Well, in this instance I need the actual struct resident not pointers.
Here is a closer example:
/* file A.h * * * * * * */
#ifndef A_H
#define A_H
struct A
{
struct B b;
};
/* file B.h * * * * * * */
#ifndef B_H
#define B_H
#include "A.h" /* some other resource in A.h is needed */
struct B
{...};
/* main.c * * * * * * */
#include "A.h" /* needs resources in A.h and B.h */
#include "B.h"
This can become a problem when I must always be assured that "B.h" is
preprocessed before "A.h".
I don't understand this at all. The code in your closer example here is
completely different from your original code. Your original code was
impossible to compile, even theoretically, as you had structures that
included themselves.
This code, however, has a structure including a structure including
something unknown. As long as that unknown isn't either of these two
structures, your program can be solved with careful attention to
preprocessing.
What are the "resources" you speak of? Structures? Typedefs? Macros?

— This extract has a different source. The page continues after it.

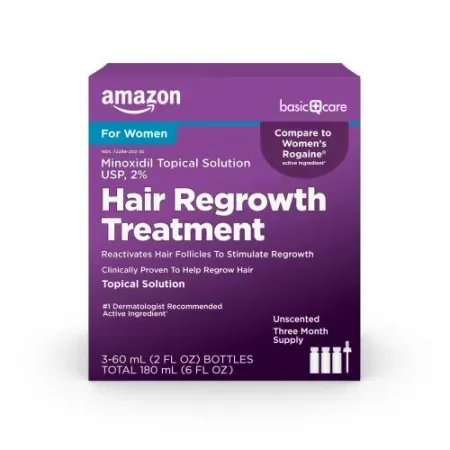 3-Months Amazon Basic Care Minoxidil Topical Hair Regrowth Treatment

Actual code? Knowing this is *very* important to determine whether
your problem can be solved.
Do you mean that "A.h" must use types defined in "B.h" and vice versa?
I don't see any way of doing this other than making a separate header
file including all the types that either file needs from the other and
making both #include it.
It's just strange that between your two posts, the entire problem
changed from a struct type problem to a preprocessing problem.